Short text fragments from websites

━━━

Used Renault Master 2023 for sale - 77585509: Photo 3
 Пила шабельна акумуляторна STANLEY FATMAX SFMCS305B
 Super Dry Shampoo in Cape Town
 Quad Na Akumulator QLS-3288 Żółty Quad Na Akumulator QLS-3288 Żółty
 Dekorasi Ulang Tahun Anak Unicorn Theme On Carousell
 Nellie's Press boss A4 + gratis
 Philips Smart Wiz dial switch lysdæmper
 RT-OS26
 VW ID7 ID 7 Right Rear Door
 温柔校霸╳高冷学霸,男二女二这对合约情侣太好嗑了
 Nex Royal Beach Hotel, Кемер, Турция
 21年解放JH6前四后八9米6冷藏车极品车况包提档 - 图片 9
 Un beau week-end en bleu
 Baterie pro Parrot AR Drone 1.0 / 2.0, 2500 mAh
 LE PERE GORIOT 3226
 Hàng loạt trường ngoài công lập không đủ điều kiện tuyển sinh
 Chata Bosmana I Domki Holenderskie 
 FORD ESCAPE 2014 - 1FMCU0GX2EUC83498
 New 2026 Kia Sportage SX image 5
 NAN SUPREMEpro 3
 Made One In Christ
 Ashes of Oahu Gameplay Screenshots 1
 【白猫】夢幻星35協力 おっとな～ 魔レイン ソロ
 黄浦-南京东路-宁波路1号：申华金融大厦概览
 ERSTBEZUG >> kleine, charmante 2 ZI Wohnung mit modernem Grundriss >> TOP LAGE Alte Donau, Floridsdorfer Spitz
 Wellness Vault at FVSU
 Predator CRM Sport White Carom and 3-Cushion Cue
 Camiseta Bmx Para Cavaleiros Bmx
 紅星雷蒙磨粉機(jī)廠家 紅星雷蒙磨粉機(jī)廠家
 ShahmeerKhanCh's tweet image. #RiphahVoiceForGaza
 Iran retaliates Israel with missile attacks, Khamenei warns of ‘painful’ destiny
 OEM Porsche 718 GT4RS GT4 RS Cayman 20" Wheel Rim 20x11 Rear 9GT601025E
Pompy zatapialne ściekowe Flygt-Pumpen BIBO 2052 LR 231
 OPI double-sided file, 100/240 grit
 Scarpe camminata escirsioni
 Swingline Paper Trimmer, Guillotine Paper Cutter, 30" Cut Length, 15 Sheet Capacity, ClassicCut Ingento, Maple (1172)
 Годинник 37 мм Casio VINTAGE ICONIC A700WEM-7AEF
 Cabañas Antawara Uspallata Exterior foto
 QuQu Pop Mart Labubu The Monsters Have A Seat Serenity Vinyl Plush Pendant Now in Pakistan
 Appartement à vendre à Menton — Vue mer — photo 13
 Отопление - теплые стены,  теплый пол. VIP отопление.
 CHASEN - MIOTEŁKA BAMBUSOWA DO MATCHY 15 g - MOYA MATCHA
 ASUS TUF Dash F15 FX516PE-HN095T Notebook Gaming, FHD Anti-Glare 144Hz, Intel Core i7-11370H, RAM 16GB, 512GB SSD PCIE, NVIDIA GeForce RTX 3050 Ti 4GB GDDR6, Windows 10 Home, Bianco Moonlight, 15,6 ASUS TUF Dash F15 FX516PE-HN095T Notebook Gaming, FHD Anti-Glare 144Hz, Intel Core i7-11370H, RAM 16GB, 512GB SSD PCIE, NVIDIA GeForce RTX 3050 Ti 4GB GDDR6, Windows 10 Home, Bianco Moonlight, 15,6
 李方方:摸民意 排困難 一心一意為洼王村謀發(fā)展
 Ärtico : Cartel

━━━

• _Directions_:
Write out again, exactly, the lines from the start of the entries up to and including the one with "Nex Royal Beach Hotel, Кемер, Турция". Nothing else belongs in the reply.

• _Response area_:
Used Renault Master 2023 for sale - 77585509: Photo 3
 Пила шабельна акумуляторна STANLEY FATMAX SFMCS305B
 Super Dry Shampoo in Cape Town
 Quad Na Akumulator QLS-3288 Żółty Quad Na Akumulator QLS-3288 Żółty
 Dekorasi Ulang Tahun Anak Unicorn Theme On Carousell
 Nellie's Press boss A4 + gratis
 Philips Smart Wiz dial switch lysdæmper
 RT-OS26
 VW ID7 ID 7 Right Rear Door
 温柔校霸╳高冷学霸,男二女二这对合约情侣太好嗑了
 Nex Royal Beach Hotel, Кемер, Турция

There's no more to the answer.